830	.SH START CONDITIONS
831	.I flex
832	provides a mechanism for conditionally activating rules. Any rule
833	whose pattern is prefixed with "<sc>" will only be active when
834	the scanner is in the start condition named "sc". For example,
835	.nf
836
837	<STRING>[^"]* { /* eat up the string body ... */
838	...
839	}
840
841	.fi
842	will be active only when the scanner is in the "STRING" start
843	condition, and
844	.nf
845
846	<INITIAL,STRING,QUOTE>\\. { /* handle an escape ... */
847	...
848	}
849
850	.fi
851	will be active only when the current start condition is
852	either "INITIAL", "STRING", or "QUOTE".
853	.LP
854	Start conditions
855	are declared in the definitions (first) section of the input
856	using unindented lines beginning with either
857	.B %s
858	or
859	.B %x
860	followed by a list of names.
861	The former declares
862	.I inclusive
863	start conditions, the latter
864	.I exclusive
865	start conditions. A start condition is activated using the
866	.B BEGIN
867	action. Until the next
868	.B BEGIN
869	action is executed, rules with the given start
870	condition will be active and
871	rules with other start conditions will be inactive.
872	If the start condition is
873	.I inclusive,
874	then rules with no start conditions at all will also be active.
875	If it is
876	.I exclusive,
877	then
878	.I only
879	rules qualified with the start condition will be active.
880	A set of rules contingent on the same exclusive start condition
881	describe a scanner which is independent of any of the other rules in the
882	.I flex
883	input. Because of this,
884	exclusive start conditions make it easy to specify "mini-scanners"
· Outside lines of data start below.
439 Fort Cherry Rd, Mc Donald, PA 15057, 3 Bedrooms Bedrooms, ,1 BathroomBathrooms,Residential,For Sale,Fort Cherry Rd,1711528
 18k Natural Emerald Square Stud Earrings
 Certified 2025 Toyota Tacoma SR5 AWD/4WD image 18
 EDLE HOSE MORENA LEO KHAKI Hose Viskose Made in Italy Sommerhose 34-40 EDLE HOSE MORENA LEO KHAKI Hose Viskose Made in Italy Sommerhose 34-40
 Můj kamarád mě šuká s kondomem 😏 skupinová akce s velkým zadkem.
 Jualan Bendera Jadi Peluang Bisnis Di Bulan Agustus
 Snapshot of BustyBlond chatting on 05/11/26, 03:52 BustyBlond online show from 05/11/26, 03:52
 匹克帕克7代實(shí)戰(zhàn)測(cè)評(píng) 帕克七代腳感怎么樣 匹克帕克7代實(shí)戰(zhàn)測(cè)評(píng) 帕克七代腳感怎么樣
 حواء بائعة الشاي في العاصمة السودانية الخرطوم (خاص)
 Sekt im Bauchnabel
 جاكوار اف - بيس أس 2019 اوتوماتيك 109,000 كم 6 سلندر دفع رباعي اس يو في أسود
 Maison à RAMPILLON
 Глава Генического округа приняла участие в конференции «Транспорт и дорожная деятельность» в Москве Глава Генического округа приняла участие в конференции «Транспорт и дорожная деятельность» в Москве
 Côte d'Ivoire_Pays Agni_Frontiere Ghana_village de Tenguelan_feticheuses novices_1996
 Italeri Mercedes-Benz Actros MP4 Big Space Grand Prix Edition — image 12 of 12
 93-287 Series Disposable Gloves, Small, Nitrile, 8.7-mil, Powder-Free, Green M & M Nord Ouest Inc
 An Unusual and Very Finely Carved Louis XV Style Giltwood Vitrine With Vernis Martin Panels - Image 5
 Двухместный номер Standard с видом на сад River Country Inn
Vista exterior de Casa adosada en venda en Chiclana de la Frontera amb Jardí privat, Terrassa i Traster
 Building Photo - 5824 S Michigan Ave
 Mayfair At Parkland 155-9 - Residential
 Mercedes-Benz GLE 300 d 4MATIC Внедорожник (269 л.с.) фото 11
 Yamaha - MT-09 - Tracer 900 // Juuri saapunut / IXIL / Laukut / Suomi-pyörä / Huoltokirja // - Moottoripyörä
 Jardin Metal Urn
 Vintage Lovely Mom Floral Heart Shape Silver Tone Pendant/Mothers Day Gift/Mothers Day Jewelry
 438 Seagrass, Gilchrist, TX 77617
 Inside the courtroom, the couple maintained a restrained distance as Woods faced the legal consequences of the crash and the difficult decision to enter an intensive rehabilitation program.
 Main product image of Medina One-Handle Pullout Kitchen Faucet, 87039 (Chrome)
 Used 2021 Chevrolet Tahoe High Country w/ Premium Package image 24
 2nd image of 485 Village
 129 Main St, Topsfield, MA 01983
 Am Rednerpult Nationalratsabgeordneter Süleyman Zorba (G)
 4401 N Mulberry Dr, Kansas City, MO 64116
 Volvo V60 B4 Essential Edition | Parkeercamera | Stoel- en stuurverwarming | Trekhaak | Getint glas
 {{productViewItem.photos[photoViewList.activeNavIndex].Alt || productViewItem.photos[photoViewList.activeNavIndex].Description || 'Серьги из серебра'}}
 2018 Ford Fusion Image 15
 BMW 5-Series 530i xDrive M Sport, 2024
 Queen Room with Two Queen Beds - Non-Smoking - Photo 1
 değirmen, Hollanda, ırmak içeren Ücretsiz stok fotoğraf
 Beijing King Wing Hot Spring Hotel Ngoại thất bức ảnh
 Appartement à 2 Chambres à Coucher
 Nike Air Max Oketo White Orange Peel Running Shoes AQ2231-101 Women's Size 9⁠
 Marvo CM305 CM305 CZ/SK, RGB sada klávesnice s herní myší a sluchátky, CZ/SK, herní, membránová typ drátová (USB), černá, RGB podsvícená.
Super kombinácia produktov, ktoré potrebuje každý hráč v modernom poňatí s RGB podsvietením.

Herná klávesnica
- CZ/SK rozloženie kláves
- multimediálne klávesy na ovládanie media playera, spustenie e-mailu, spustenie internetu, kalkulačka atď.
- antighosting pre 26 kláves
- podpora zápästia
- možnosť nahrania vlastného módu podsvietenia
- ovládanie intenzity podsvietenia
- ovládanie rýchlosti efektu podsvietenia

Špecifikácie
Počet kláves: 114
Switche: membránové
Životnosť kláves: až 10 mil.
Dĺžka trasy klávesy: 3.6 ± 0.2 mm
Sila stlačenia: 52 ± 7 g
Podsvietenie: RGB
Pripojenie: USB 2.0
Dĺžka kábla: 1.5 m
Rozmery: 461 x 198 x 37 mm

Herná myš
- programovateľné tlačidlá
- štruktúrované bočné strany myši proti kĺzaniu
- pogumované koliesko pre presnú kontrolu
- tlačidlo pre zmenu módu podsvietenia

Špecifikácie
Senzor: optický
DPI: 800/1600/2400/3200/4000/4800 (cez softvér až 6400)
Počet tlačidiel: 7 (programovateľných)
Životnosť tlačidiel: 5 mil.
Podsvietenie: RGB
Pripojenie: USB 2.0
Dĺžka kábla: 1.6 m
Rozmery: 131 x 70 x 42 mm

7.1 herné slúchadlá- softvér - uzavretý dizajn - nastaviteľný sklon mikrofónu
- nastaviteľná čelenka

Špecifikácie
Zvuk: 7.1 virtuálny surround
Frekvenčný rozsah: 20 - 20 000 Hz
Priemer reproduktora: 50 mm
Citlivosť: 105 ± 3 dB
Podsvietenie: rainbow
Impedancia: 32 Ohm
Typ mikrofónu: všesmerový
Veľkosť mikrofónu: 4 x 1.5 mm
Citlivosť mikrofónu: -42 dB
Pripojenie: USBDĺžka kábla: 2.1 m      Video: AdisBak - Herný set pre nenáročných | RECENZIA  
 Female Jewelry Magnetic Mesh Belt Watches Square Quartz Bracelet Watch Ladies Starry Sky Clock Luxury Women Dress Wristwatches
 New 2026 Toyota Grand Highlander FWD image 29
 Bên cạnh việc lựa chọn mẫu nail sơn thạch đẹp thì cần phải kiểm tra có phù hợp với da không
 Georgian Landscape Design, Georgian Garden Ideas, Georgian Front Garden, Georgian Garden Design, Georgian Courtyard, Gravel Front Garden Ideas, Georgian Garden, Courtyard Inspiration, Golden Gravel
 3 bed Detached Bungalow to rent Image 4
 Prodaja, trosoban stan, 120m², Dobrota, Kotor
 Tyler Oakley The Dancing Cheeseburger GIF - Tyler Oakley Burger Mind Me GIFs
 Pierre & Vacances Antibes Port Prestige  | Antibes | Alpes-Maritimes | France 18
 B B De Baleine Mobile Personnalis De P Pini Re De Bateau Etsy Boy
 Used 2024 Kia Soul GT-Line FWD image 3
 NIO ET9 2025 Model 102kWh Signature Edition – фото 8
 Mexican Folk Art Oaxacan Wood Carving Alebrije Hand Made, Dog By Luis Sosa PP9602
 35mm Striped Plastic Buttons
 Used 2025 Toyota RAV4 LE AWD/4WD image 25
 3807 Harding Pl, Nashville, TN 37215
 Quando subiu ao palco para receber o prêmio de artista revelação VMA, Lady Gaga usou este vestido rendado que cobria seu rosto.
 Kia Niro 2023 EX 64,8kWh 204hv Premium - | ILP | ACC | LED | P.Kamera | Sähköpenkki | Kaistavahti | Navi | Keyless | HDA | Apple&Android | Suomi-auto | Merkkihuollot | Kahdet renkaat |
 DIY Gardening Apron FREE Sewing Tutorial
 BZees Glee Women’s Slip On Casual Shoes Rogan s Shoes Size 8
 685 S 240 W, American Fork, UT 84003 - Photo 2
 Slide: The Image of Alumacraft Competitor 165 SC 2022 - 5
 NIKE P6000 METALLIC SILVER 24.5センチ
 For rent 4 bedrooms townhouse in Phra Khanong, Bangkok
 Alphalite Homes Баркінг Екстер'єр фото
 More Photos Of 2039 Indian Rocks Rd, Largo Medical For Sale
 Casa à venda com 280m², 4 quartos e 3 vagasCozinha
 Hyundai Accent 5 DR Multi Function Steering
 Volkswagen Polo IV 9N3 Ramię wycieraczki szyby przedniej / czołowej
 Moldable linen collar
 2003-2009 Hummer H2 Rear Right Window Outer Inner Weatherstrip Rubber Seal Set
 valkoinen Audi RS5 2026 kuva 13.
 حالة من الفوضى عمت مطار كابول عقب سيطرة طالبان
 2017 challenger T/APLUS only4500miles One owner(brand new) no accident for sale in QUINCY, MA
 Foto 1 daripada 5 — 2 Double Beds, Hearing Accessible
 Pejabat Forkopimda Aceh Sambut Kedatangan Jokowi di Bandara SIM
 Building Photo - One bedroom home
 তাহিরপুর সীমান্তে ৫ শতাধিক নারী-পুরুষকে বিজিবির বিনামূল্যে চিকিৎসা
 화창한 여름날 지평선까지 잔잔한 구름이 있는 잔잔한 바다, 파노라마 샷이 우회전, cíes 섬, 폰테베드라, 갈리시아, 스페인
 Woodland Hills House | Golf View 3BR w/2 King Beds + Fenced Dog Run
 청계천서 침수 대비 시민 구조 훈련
885	which scan portions of the input that are syntactically different
886	from the rest (e.g., comments).
887	.LP
888	If the distinction between inclusive and exclusive start conditions
889	is still a little vague, here's a simple example illustrating the
890	connection between the two. The set of rules:
891	.nf
892
893	%s example
894	%%
895	<example>foo /* do something */
896
897	.fi
898	is equivalent to
899	.nf
900
901	%x example
902	%%
903	<INITIAL,example>foo /* do something */
904
905	.fi
906	.LP
907	The default rule (to
908	.B ECHO
909	any unmatched character) remains active in start conditions.
910	.LP
911	.B BEGIN(0)
912	returns to the original state where only the rules with
913	no start conditions are active. This state can also be
914	referred to as the start-condition "INITIAL", so
915	.B BEGIN(INITIAL)
916	is equivalent to
917	.B BEGIN(0).
918	(The parentheses around the start condition name are not required but
919	are considered good style.)
920	.LP
921	.B BEGIN
922	actions can also be given as indented code at the beginning
923	of the rules section. For example, the following will cause
924	the scanner to enter the "SPECIAL" start condition whenever
925	.I yylex()
926	is called and the global variable
927	.I enter_special
928	is true:
929	.nf
930
931	int enter_special;
932
933	%x SPECIAL
934	%%
935	if ( enter_special )
936	BEGIN(SPECIAL);
937
938	<SPECIAL>blahblahblah
939	...more rules follow...
940
941	.fi
942	.LP
943	To illustrate the uses of start conditions,
944	here is a scanner which provides two different interpretations
945	of a string like "123.456". By default it will treat it as
946	as three tokens, the integer "123", a dot ('.'), and the integer "456".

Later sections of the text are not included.